▶ [Records for the exercise]:

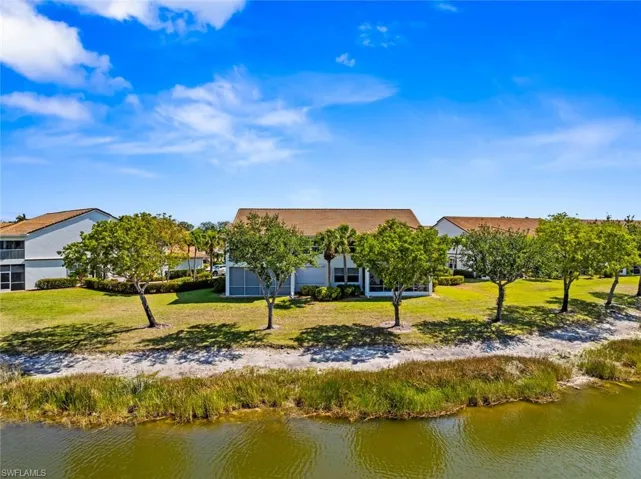 Rear view of house featuring a yard and a water view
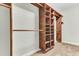 Spacious walk-in closet with built-in shelving and hanging rods for optimal organization at 4162 Club Course Dr, North Charleston, SC 29420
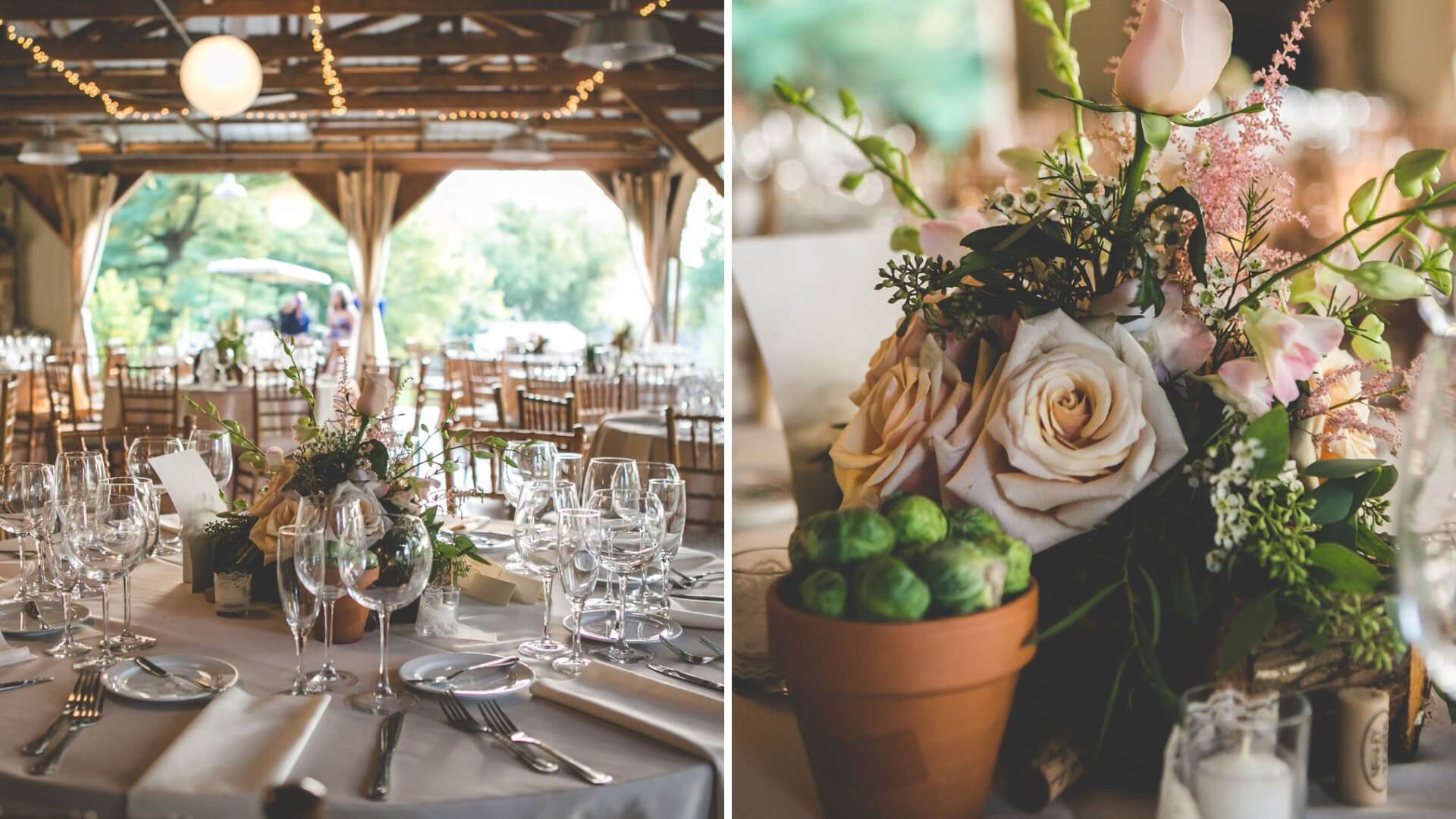 A decorated wedding reception hall with elegantly set tables. Close-up of a floral centerpiece featuring roses and greenery in a terracotta pot, alongside glassware and cutlery.
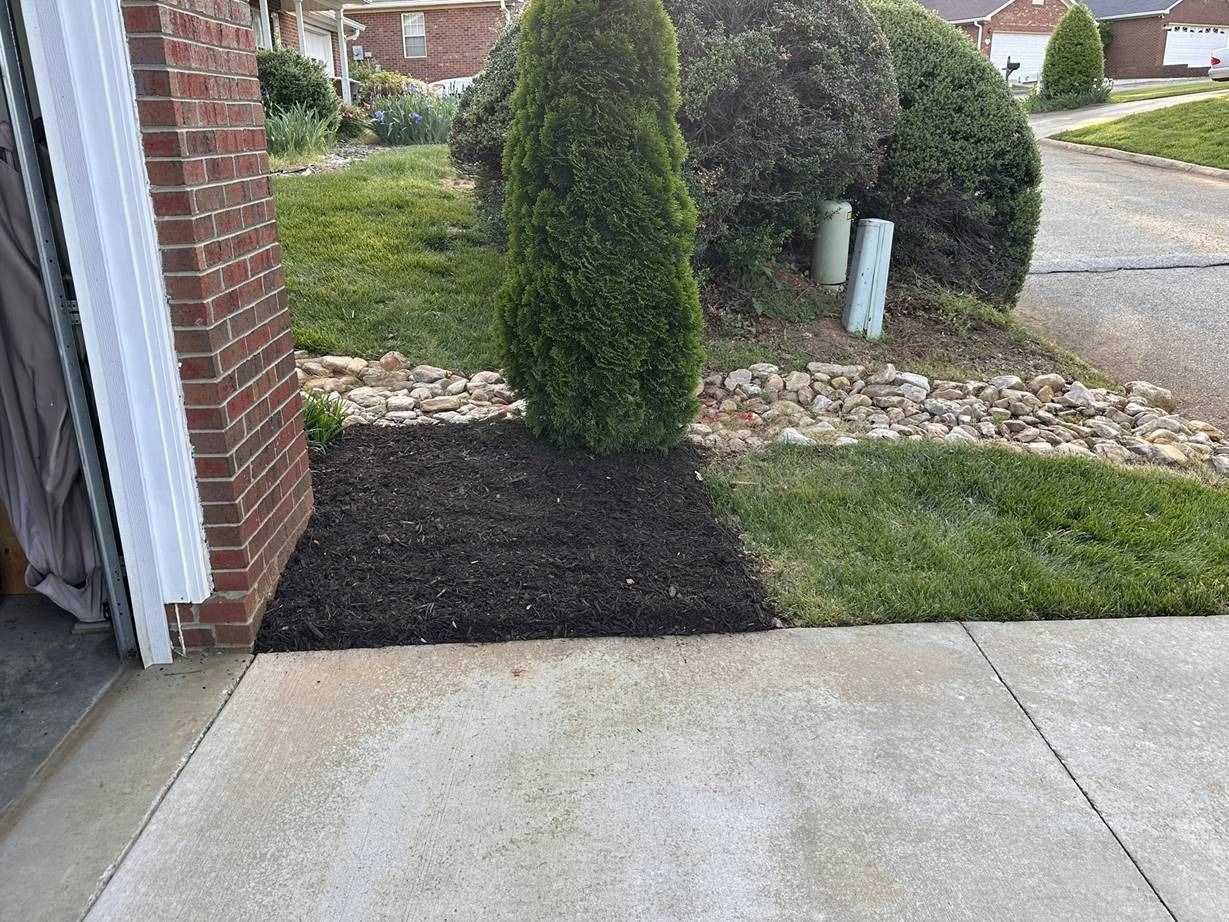 There is a brick building in the background and a sidewalk in the foreground.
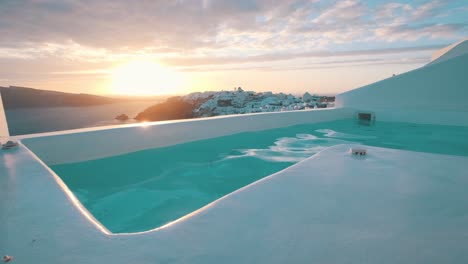 Big-jacuzzi-pool-in-front-of-Oia-village,-Santorini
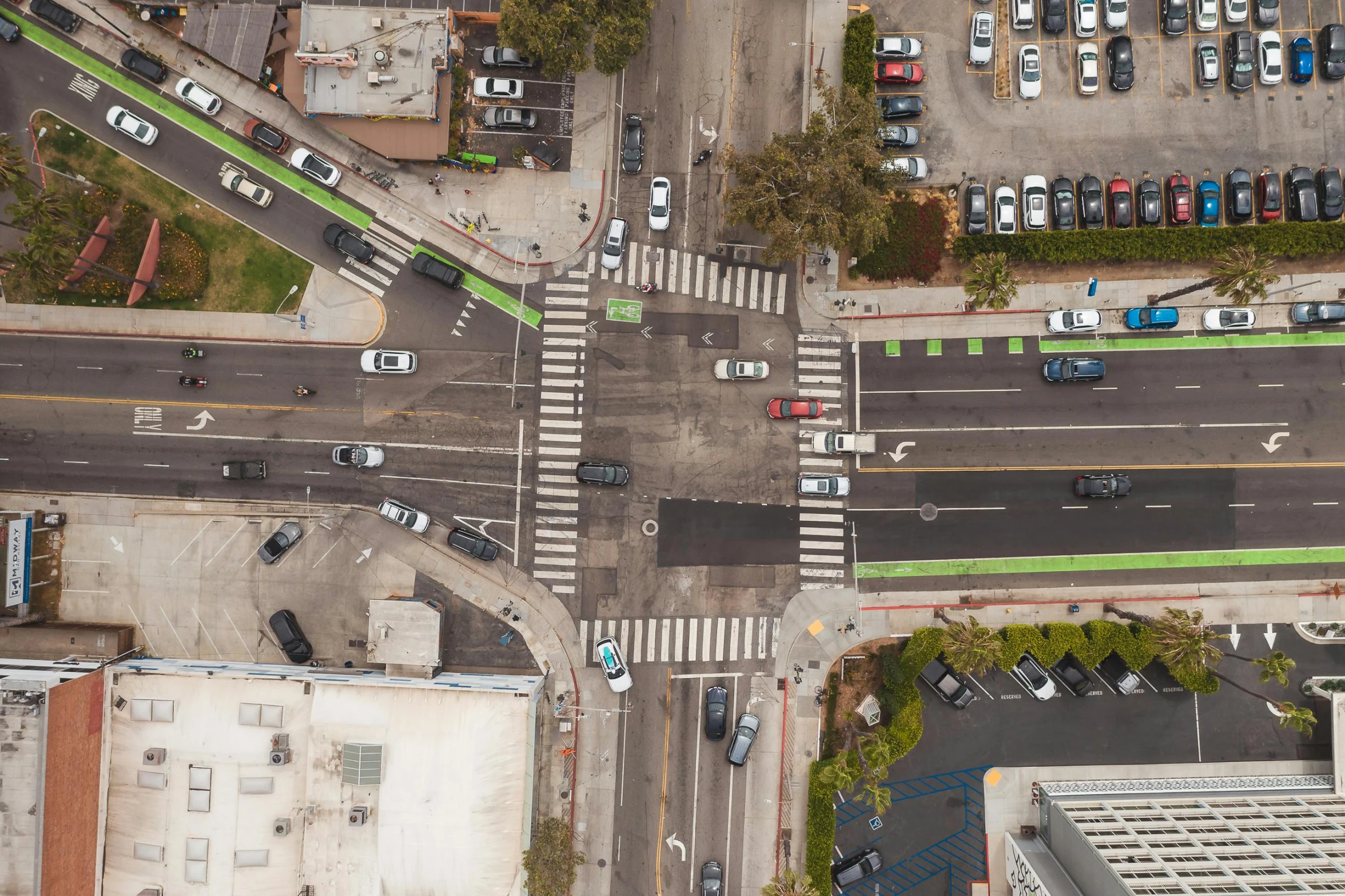 an aerial view of a busy city intersection, by Matt Cavotta, unsplash, square, california, a green, “hyper realistic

▶ [Instructions for the task]: The required output is the span of lines from the line with "A decorated wedding" through the final line of the listing above, reproduced exactly, minus the pictures.

▶ [Exercise answer]:
 A decorated wedding reception hall with elegantly set tables. Close-up of a floral centerpiece featuring roses and greenery in a terracotta pot, alongside glassware and cutlery.
 There is a brick building in the background and a sidewalk in the foreground.
 Big-jacuzzi-pool-in-front-of-Oia-village,-Santorini
 an aerial view of a busy city intersection, by Matt Cavotta, unsplash, square, california, a green, “hyper realistic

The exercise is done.